Task details » Take the entries below and print only the lines from the one with "DVLGGSS Utah License Plate" through the one with "Urgent Repair Request", exactly as they stand, both ends included.
(Material to process begins)
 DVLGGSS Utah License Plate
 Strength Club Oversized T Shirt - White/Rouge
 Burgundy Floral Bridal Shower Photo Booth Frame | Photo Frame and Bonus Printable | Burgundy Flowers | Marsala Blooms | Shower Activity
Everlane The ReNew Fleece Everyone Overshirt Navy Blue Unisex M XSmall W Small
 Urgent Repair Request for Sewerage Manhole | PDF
(Material to process ends)
(Material to process begins)
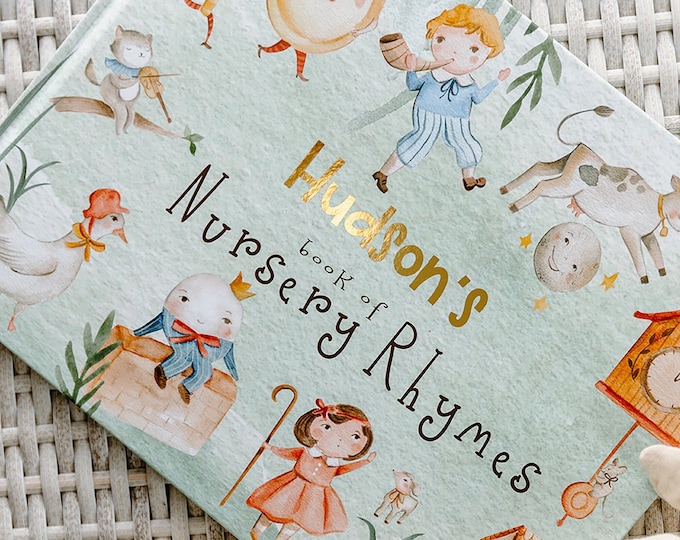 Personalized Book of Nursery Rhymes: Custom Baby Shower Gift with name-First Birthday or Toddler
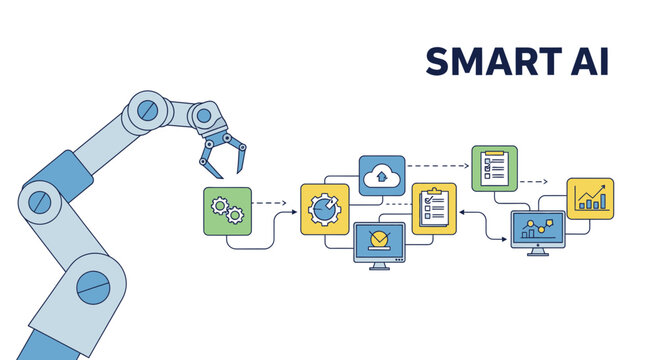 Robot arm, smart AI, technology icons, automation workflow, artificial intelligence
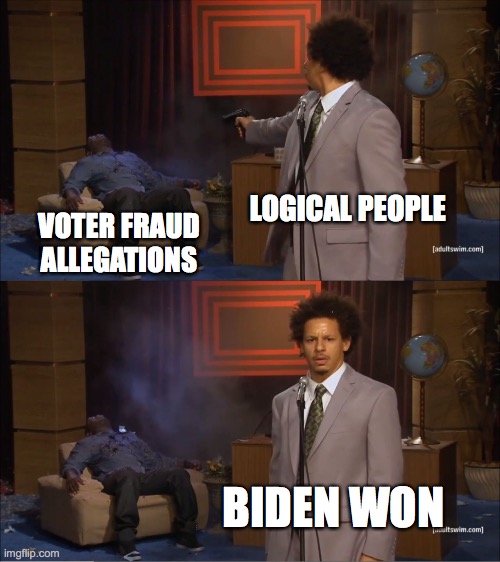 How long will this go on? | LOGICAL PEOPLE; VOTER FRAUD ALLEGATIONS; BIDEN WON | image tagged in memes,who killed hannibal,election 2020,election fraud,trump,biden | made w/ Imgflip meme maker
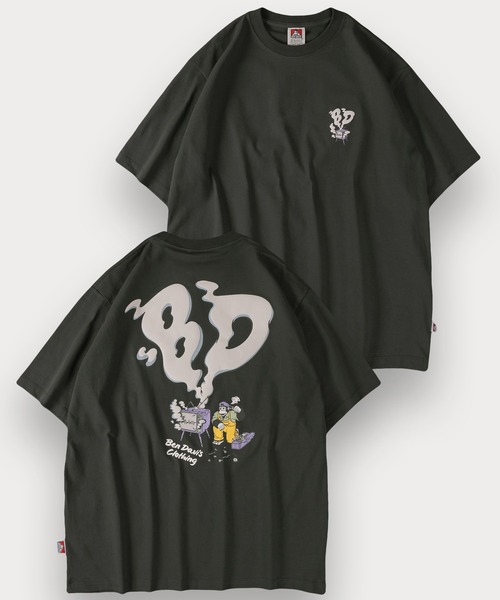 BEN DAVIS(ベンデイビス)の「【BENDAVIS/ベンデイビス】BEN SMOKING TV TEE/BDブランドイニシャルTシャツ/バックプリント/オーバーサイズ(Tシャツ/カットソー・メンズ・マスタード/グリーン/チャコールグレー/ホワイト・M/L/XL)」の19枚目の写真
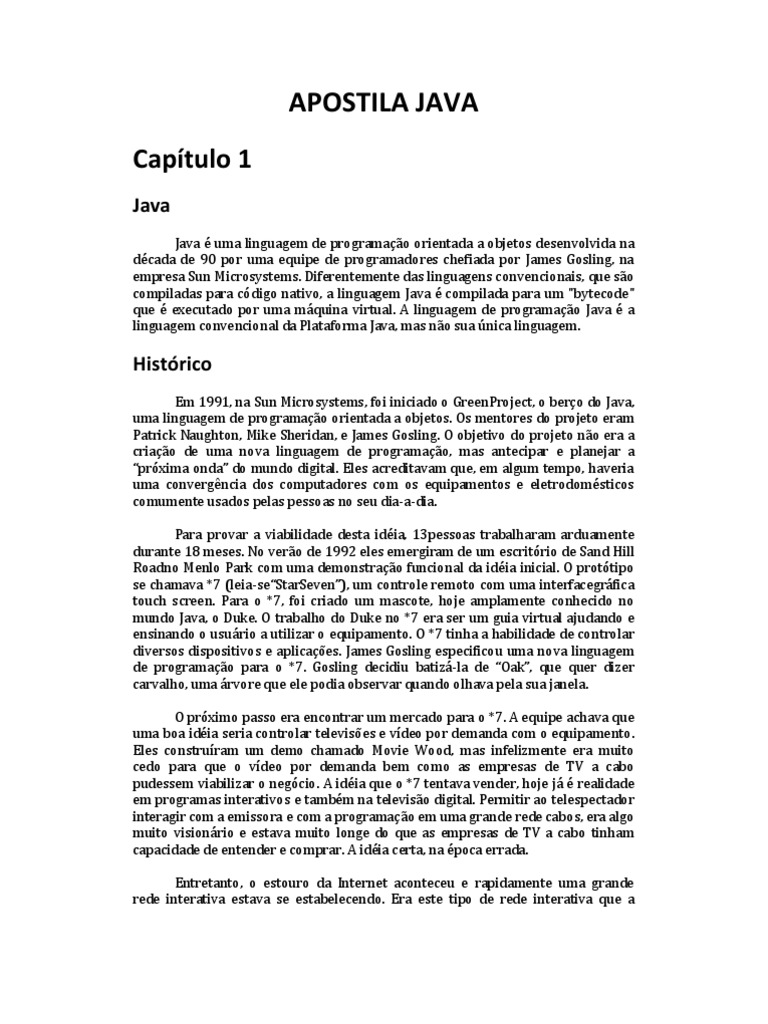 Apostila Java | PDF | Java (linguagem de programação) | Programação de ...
(Material to process ends)
(Material to process begins)
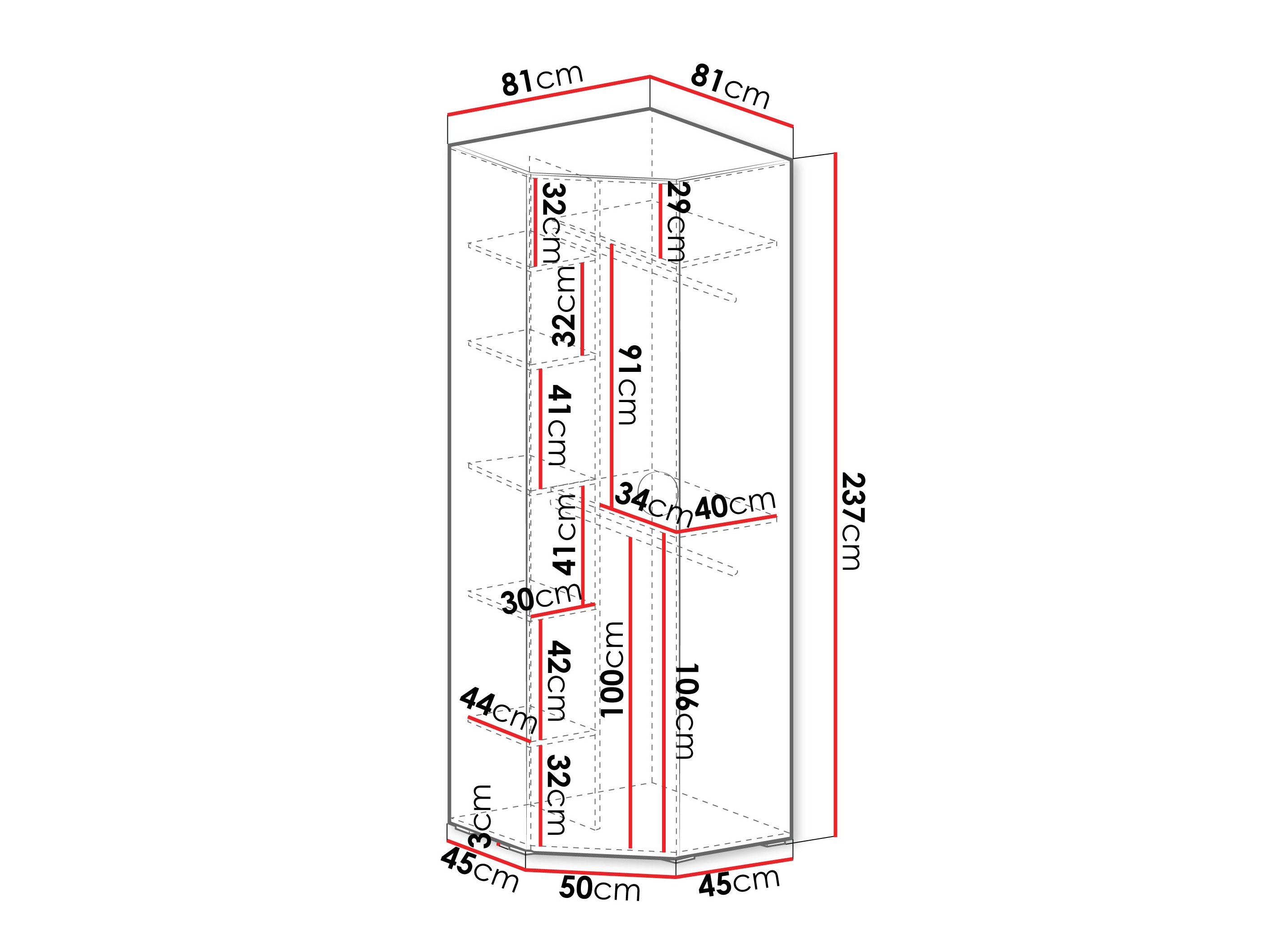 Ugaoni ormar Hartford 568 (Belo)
(Material to process ends)
Solution »
 DVLGGSS Utah License Plate
 Strength Club Oversized T Shirt - White/Rouge
 Burgundy Floral Bridal Shower Photo Booth Frame | Photo Frame and Bonus Printable | Burgundy Flowers | Marsala Blooms | Shower Activity
Everlane The ReNew Fleece Everyone Overshirt Navy Blue Unisex M XSmall W Small
 Urgent Repair Request for Sewerage Manhole | PDF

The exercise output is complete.